We had spent all of the appetizer and our entrees trying to talk to each other, and now, over the too sweet but beautifully presented dessert, we find ourselves slacking with the effort, eyes lowered and silence between us. We had met at the insistence of a mutual friend, a short, fiery redhead who was hard to refuse. She had sang our praises so much that we blushed for the other person, and felt a little excited, too. We’d gingerly exchanged emails, skittish text messages, until one of us decided to be brave and venture out a time and meeting place. In the morning we paid extra attention to our hair, straightened a tie and touched up on lipstick before we left the office. We picked a comfortable restaurant, quiet enough to talk but lively enough to be at ease. We smiled and half hugged at first sight. We manuvered the door opening and coat hanging and chair pulling. But it wasn’t long before we realized that we had nothing to talk about. We found each other attractive and marvelous on paper, so we stuck it through, convinced that perhaps it was simply the awkwardness of a first date. 

You get the check and pay and I thank you, finally. Outside, the air is crisp and cold. We stand for a moment, and I look up, as if there will be some answer in the glow of the street lamp or the round moon overhead. You ask me where I live. I tell you the neighborhood, and we talk briefly of geography and rent. You clear your throat a little and offer to walk me to the train. We walk slowly, shuffling to stay next to each other. Next to the green globes above the subway entrance, you lean in and kiss me on the cheek. We assure each other that we had a lovely time, to stay in touch, until next time. I speed down the stairs, my purse clutched in my hands, relieved. You walk back to the intersection and hail a cab. At home, we both have a drink.

The next time it gets easier. We exchange amusing anecdotes about work. You compliment my necklace. We order wine—red for you and white for me. Your hand brushes against my arm. I lean forward and laugh. We feign enthusiasm for the food, though it is objectively mediocre. You tell me that you cook and offer to do it for me sometimes. This time outside, you help me into my coat, and then kiss me, a sure, closed mouthed kiss. We pull apart and smile at each other, then we kiss again, a bit more urgently. Goodnight, you say, and I look back and give you a slight wave half way down the stairs. 

The time after we meet for Happy Hour. The liquor helps—my gin and tonic, your whiskey, neat. Our knees touch between the narrow stools. When it gets too loud I lean in close to hear you talk. You touch my head and pull me close and kiss me long and hard. We have more drinks than we should and know we’ll be hungover in the morning, but it doesn’t matter. It helps us forget and makes us like each other more. We can imagine brunches and laughing beneath the sunlight and introducing each other to our cultivated friends. How handsome, how charming, my girl friends would gush. 

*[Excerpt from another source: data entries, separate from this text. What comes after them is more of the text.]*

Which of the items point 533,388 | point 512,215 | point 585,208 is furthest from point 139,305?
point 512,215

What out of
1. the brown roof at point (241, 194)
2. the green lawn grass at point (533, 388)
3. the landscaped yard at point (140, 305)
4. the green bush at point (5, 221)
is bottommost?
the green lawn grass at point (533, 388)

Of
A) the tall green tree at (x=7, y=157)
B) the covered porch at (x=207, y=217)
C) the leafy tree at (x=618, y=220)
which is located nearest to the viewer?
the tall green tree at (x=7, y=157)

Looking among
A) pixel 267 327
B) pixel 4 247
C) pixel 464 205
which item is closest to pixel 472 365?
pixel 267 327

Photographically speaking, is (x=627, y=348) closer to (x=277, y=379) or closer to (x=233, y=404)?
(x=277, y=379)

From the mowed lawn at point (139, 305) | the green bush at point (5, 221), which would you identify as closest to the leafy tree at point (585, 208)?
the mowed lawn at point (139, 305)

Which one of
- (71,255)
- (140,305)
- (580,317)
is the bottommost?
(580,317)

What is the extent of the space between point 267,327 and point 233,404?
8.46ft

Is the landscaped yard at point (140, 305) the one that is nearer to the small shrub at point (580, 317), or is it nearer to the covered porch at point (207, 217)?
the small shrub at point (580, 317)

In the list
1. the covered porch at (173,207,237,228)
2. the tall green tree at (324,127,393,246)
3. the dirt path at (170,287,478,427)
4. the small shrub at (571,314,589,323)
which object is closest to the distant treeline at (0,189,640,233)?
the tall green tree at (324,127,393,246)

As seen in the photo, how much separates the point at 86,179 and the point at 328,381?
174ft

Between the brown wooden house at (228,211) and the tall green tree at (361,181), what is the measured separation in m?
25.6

At the end of the night you invite me to your apartment, and even though I don’t have a change of clothes, even though I know I shouldn’t, my drunken happy stupor leads me to say yes and cozy up against you in the cab. It starts to rain and the rain drops make a beautiful pattern against the window. I want to stay in the car forever, but then we are there, and I smile at the doorman and smile as your arms wrap around my waist in the elevator. Your apartment is as impeccable as I imagined and after another customary drink and kissing on the couch, you pull me to the pressed fluffed white sheets of your king sized bed. You remember to turn off the lights after we fumble to get take off our clothes. In the morning I almost forget where I am and my head whirls with exhausion and pain. 

I kiss you goodbye quickly and you barely mutter a word. At home I scramble to take a shower—though the hot water is so luxurious on my skin—and change and am late for work. I know I’m supposed to have a happy glow, and maybe I do. I stare at my reflection a little longer than usual in the bathroom mirror.

In a few weeks we are a couple, and we are a success. In a few month we have pet names, inside jokes, presents. I spend less time at my apartment and remember to bring a change of clothes. You cook me that restaurant quality meal you promised and though it is only so so, I marvel over it as if you’re Tom Keller. At bars I catch strangers staring, wondering who we are, my beautiful cocktail dress and your impeccable suit. At home the lights go off and our bodies operate on automatic, to fleeting satisfaction. In a few years you propose, at the restaurant where we first, and the diamond is perfect, so perfect that I can’t imagine letting it go. Besides, we have mutual friends now, a history. We’ll always have something to talk about.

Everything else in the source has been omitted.